Great leaders are great listeners. But that said, true listening doesn’t come through the eye-gate or ear-gate alone, it means also comes through your heart. One survey of 600 employees reported by govexec.com found that 58% of those employees felt their managers lacked empathy toward them.
We read a lot about good listening, including eye-to-eye contact or body language, but not a lot is written about good “heart contact.” So what is it, and how do we improve it?
Place yourself in the team member’s home environment. You probably know enough about it to know how it affects their attitude and their work. Listening with your heart means listening to someone through their home dynamics. Are there negative dynamics? Is abusive or addictive behavior prevalent? Are there ongoing physical, emotional, or financial challenges? What someone says may be an echo of what’s going on at home. You listen with your heart when you accept that who they are is based on where (or what) they’re coming from.
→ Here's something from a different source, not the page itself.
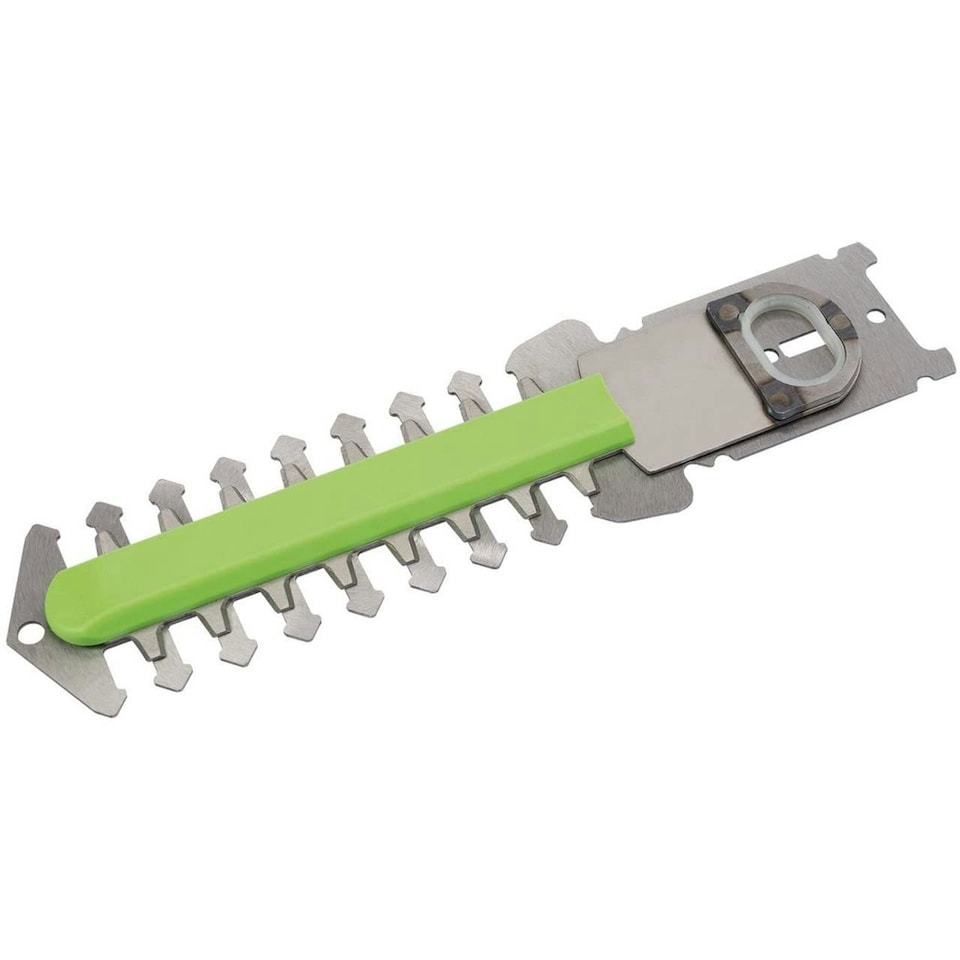 Draper Tools 48220 Spare Hedge Trimmer Blade for 53216 Cordless Trimmer, Green/Grey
Place yourself in the team member’s work environment. Listening with your heart means not being partial to a person’s position in that environment. That’s tough, especially when a friction point is between a hard worker and a slacker, and you’re listening to the slacker! Your heart is with the hard worker, but the slacker might be a hard worker at heart who is struggling with interpersonal issues. Listen as if the worker characteristics were reversed. Listen with the intensity of a talent scout discovering hidden abilities.
Place yourself in the team member’s training environment. You may or may not have been involved in the training, but listening with your heart means accepting the fact that some problems result from incomplete training. Learn to listen without being defensive. A heart to heart conversation may reveal a brand new vista of training techniques.
Place yourself in the team member’s career environment. Are you listening to their overall hopes and dreams? Listening in “the affirmative” lets the team member know you care about them beyond the end of their shift or the completion of their project. Listening about their future lets that person know you are with them in the present. Inserting positives in the conversation helps the team member in the “Self-Image Department.”
Listening with your heart says a TON without uttering a word. It says “I care about you.” “You are important to me and to this work.” It says “I’m approachable.”
Be the leader that will rank near the top of the empathy survey!